В Капелле с аншлагом прошел творческий вечер поэта Евгения Евтушенко. Откровения советского классика конспектировал АНДРЕЙ ПРОНИН.
Казалось бы, звезда Евгения Евтушенко закатилась вместе с СССР. Тогда признанного мастера легальной фронды было принято обожать или ненавидеть, но непременно — принимать всерьез. Теперь господин Евтушенко от большой политики далек, в высокие кабинеты, кажется, не вхож, да и на оппозиционных акциях не замечен. Возраст берет свое: поэту уже 76. Вроде бы интерес он должен вызывать только у поклонников того узкого направления русской словесности, восходящего к Некрасову, что считает за благо писать публицистику в рифму. Но зал был забит под завязку: железные старухи с пламенными взорами, старцы в строгих костюмах, обилие молодежи, впрочем, громко шипевшей в кулуарах нечто со словами "слинять" и "свалить", что не могло не навести на мысль о принудительно-добровольном культпоходе. Но главным потрясением вечера стал сам виновник торжества. В косоворотке и кроссовках, с пружинящей походкой (лишь легкая хромота), свежим моложавым лицом, прямой спиной он выглядел так, словно отхлебнул средства Макропулоса. Евгений Евтушенко встал к микрофону и продолжал темпераментный монолог более полутора часов, что в его возрасте, конечно, свидетельство нерядовой выносливости.
Начал с лирики — со стихотворений, посвященных жене. "Люблю тебя, когда меня ревнуешь, — восклицал поэт. — Прекрасен полный взрывчатости взгляд". Ревновать господина Евтушенко, кажется, имеет смысл: "К толстушкам, от души ревмя ревущим, / К моделям в разбрильянтенных очках". В женолюбии поэт признается без обиняков: "Я еще не налюбился, / Я всех женщин не добился". Начав на эротической ноте, Евтушенко вскоре посерьезнел и перешел к истории.
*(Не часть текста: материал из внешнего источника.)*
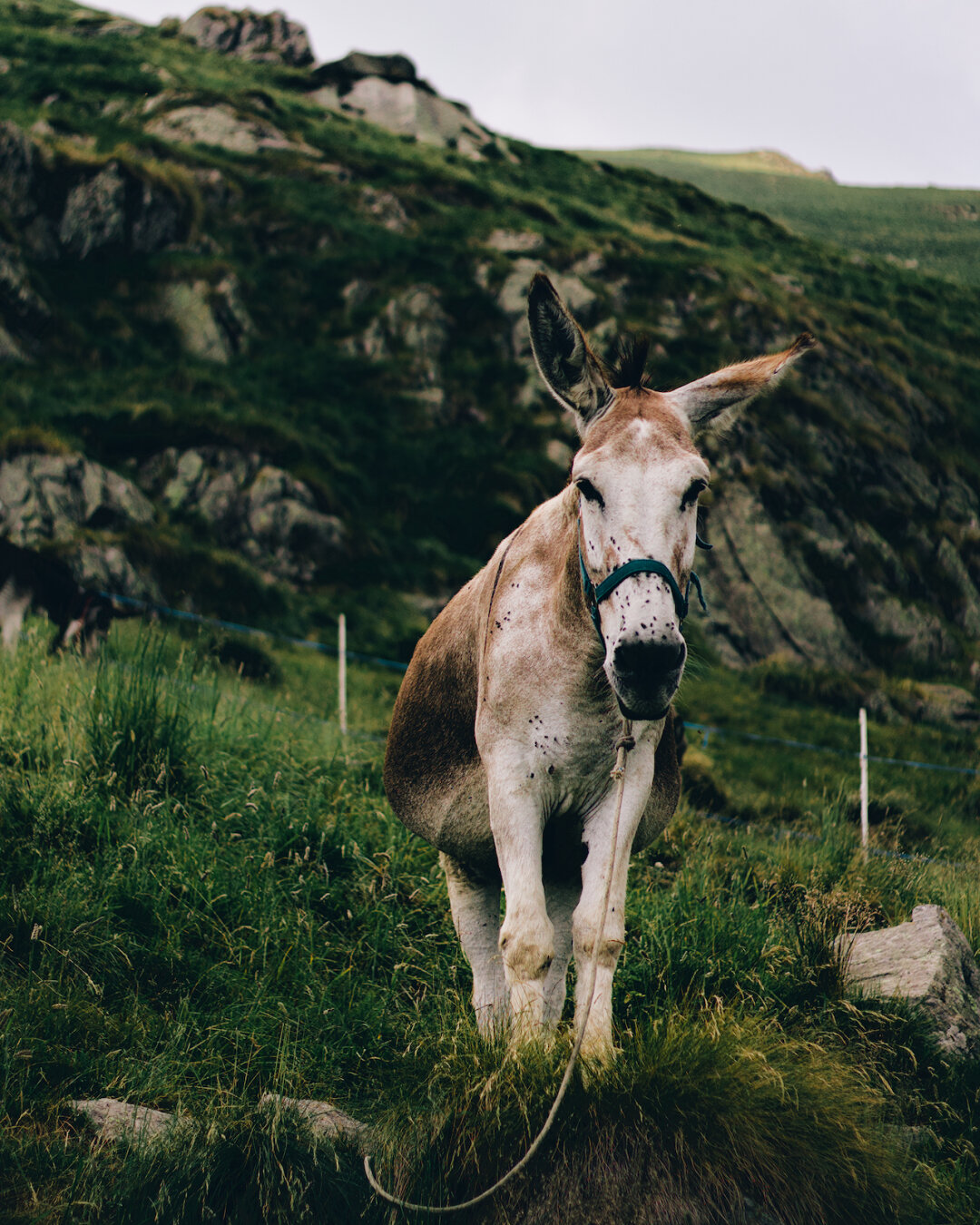 a white and brown donkey looks straight at the camera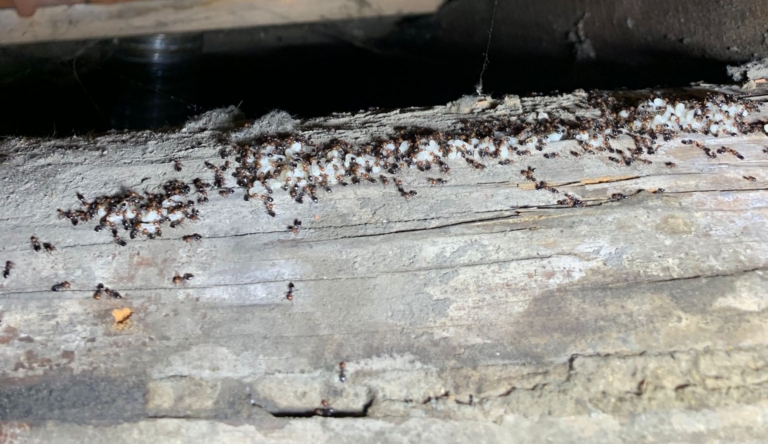 Formiche del legno: danni e disinfestazione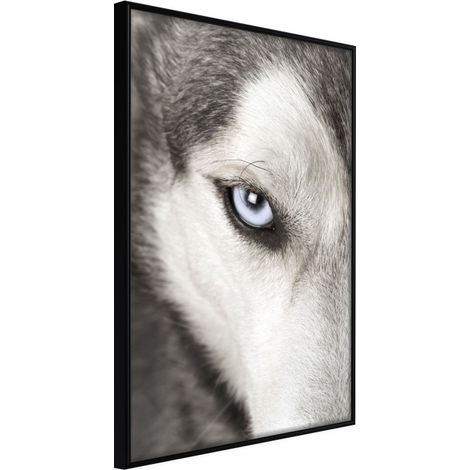 Affiche Murale Encadrée "Azure Eye" 30 x 42 cm Noir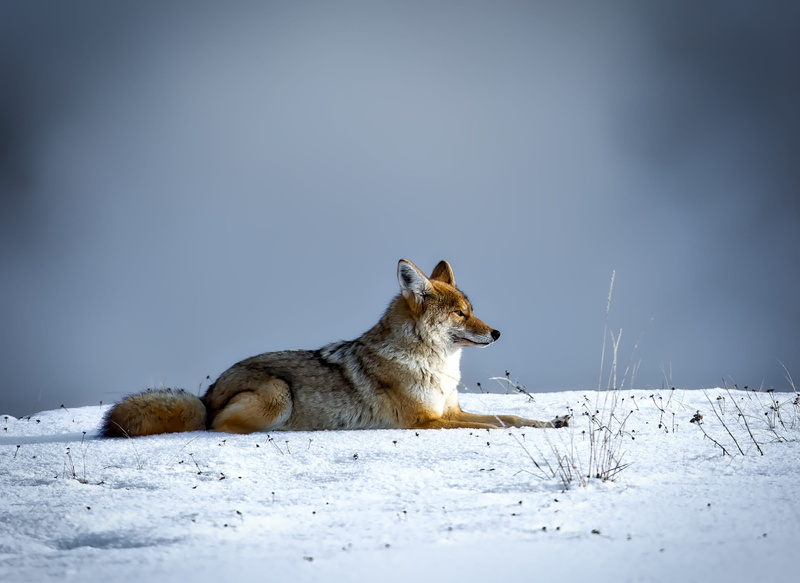coyote, nature, survival, fox, pets, animal wildlife, side view, hunting, wyoming, landscape, outdoors, cold temperature, domestic, no people, snow, snows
Ему показались схожими Ленский расстрел 1912-го и Новочеркасские события 1962 года: в обоих случаях "граждане потребовали своих прав питаться". Отдельным спичем мэтр объяснился в любви к футболу, поделившись опасениями, не превращается ли он сегодня в "грязный бизнес". С горечью Евтушенко отметил, что новое поколение совсем не знает футбольного комментатора его молодости — Владимира Синявского. И тут же дал ему емкую поэтическую характеристику: "Когда кричал Синявский "Стой!", / То был совсем как Лев Толстой". Вспомнились стихотворцу и трогательные болельщики 1950-х; среди них особенно щемящим получился образ "шалавы Груньки, чьи подрастающие грудки еще из памяти торчат".
Попутно выяснилось, что Евгению Александровичу не чужды острые вопросы повестки дня. К примеру, произведение "Свинцовый гонорар" было посвящено памяти убитых в последние годы журналистов. "Есть в мире Бабий Яр, / Есть журналистский Яр", — заявил Евгений Александрович, правда, тут же подмочил впечатление эксцентричной рифмой: "гонорар" у него рифмуется со строкой "авторучка — райгазеты дар". Отдельной строкой следует упомянуть мемуар, посвященный мрачному эпизоду: однажды Евтушенко чуть не был утоплен шпаной. "Я барахтался в объятиях беды, — сообщил поэт, — и бультело горло, полное воды". Но каверза лишь закалила поэта: "И душа моя стала не душечкой, / А проверенной нетонушечкой". Таких, как он, осталось немного, но они есть: "Любой на земле, кто не хочет ошейника, / Человек, похожий на Евтушенко", — подытожил мэтр. И вскоре удалился на автограф-сессию, оставив импресарио провести аукцион по продаже трехкилограммового фолианта его произведений. С галерки кто-то прохрипел: "А стихами можно за стихи расплатиться?" — но был осажен.